JOHN NEIL (Policeman J R 11). On 10th September, at 7 a. m., I was returning off duty, and saw the prisoner running towards me without a hat, which raised my suspicions; I went in front of him, and prevented his going further; he placed his hand on a private part, and said that a man round the corner had kicked him there—Burjess came round the corner with two others, and said, "Oh, constable, I am stabbed all over by that man"—I saw blood trickling down his shirt, and told the prisoner he would be charged with stabbing him; he said. "They paid me with the stick, but I paid him his own back"—I searched him at the station, but found no knife—he was sober.

The Prisoner's statement before the Magistrate. "I know nothing about this case of stabbing."

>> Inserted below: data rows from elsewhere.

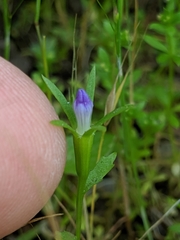 Githopsis specularioides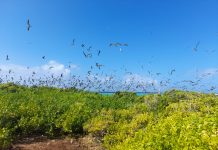 It’s Tern season, and ACF is calling for their protection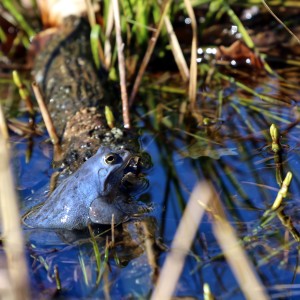 13bCn-zafluuqz6mlpsle74j3jrw55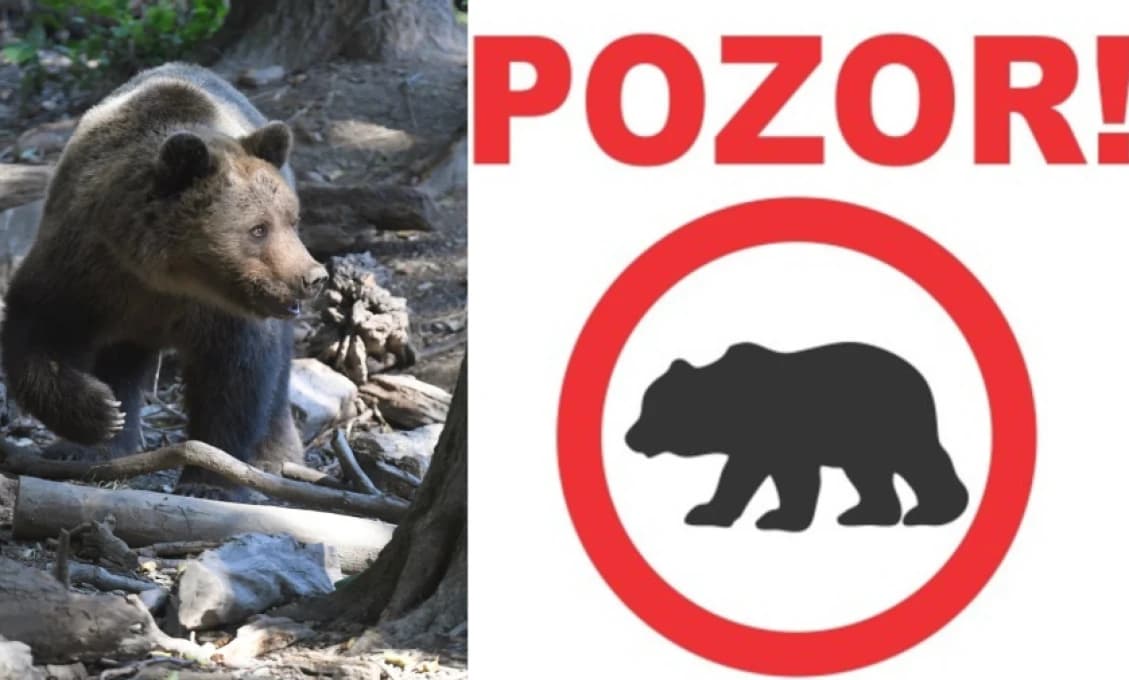 Pozor! V tejto obci blízko Levíc sa objavila nečakaná návšteva: „Pohybuje sa medzi domami"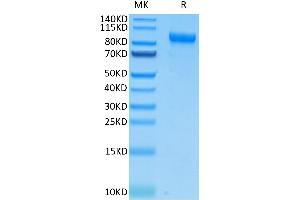 Mouse CDCP1 on Tris-Bis PAGE under reduced condition.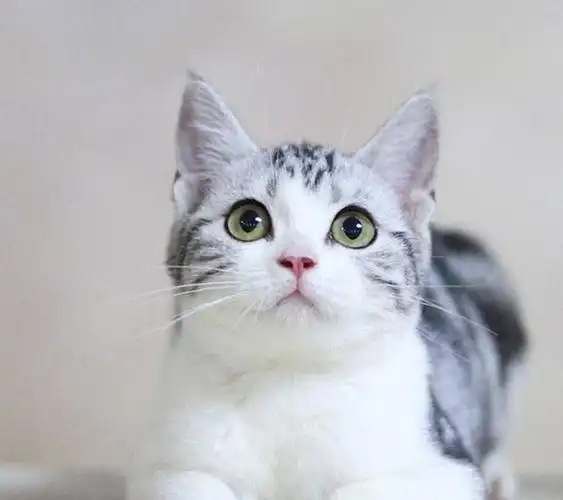为什么美短猫被称为"完美之猫"?网友:养了就不想换猫|老鼠|智商|普通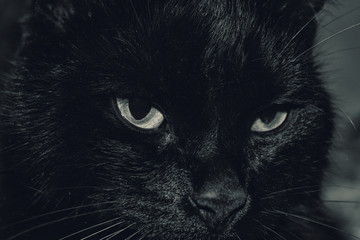 Черный кот. Портрет.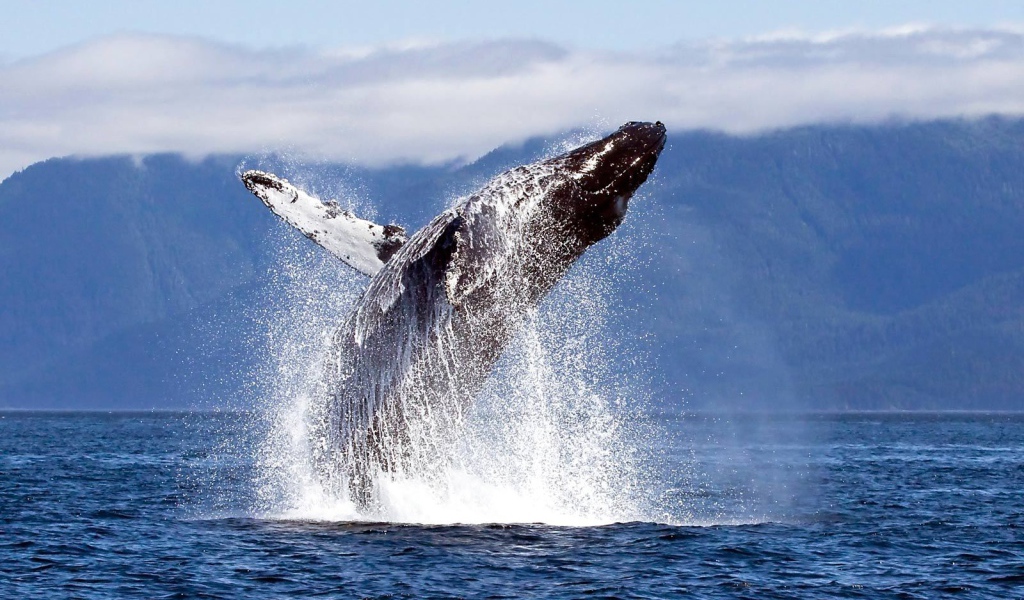 Прыжок кита из воды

The Prisoner called GEORGE SLADE. The prisoner is my brother-in-law—on Monday, September 4th, I was at work, and my wife came to meet me about 10. 30 p. m., and told me something—I went home with her—the prisoner came home about eleven; we brought home a bit of supper for him; he had his supper with us and went to bed, asking me to call him at five o'clock—I said he would have to call himself—shortly after he went to bed my mistress and the persons upstairs were talking about Mrs. Burjess; a few words occurred, and Mrs. Burjess said something about my mistress, I do not know what—I called my mistress up, and my brotherin-law came down, and took my wife upstairs—he went to bed after that, and next morning, the 10th, I heard the prisoner open his window (he sleeps in the next room to me, and is a single man)—he asked a man who was passing what time it was; the man said, "Ten minutes past five"—the prisoner closed the window, went downstairs, and left the house—I heard him close the door, and heard nothing more till between six and seven, when I heard Burjess walking about the passage, talking very loud to somebody—I knew his voice—my wife said that he was calling

to my brother Walter—I looked over the railings and heard the prisoner say, "Don't push me, take your hands off me—I said, "Walter, come upstairs," and Burjess struck him a blow, and his hat fell off—they struggled together, and the prisoner had Burjess under him—they struggled to the middle of the road—I went into the front room, and saw them struggling together, and afterwards saw the prisoner kneeling on him, one knee towards his throat, as if he intended to strangle him, but I saw no knife—the prisoner let him get up, and he ran into his own house, got a stick, and came out and struck the prisoner with it, and beat him about several parts of his body—they struggled together, and Burjess kicked the prisoner in the privates—I said, "Walter, Walter, go away"—he struggled to the corner of the street, and I saw no more of him—I saw no stabbing and no knife.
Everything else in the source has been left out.